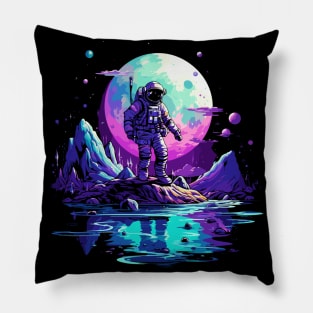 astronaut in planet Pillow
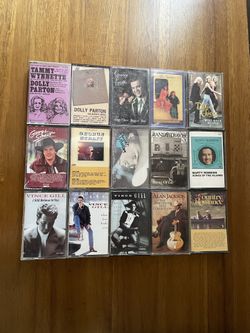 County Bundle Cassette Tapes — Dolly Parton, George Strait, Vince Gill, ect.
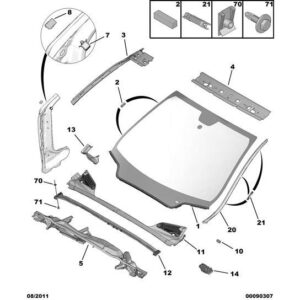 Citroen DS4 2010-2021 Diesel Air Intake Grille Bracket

--

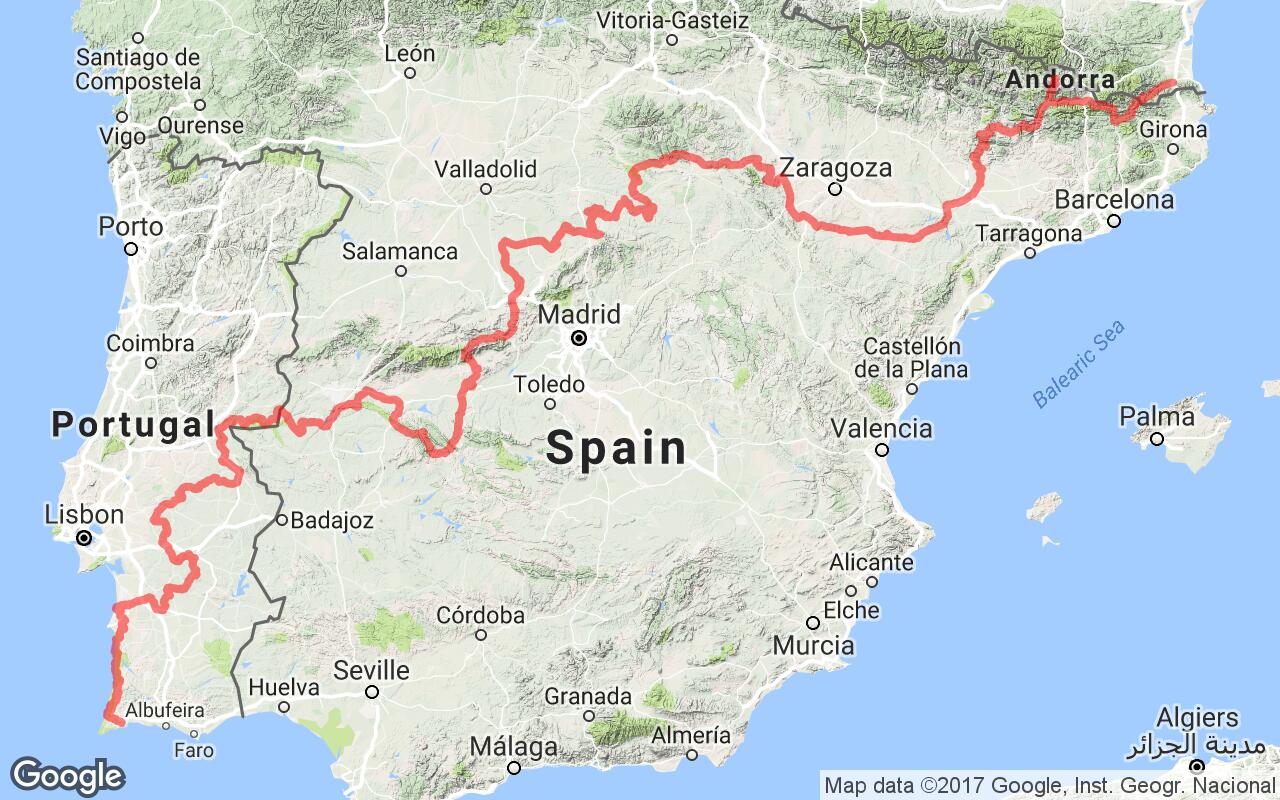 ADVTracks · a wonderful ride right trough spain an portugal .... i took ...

==

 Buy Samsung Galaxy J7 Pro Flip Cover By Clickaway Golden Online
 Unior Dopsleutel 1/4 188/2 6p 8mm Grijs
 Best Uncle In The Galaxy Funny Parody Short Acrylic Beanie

WORK ITEM -> Going through the records above, count the lines that include the word "Galaxy". Give the number alone.

FINISHED TASK -> 2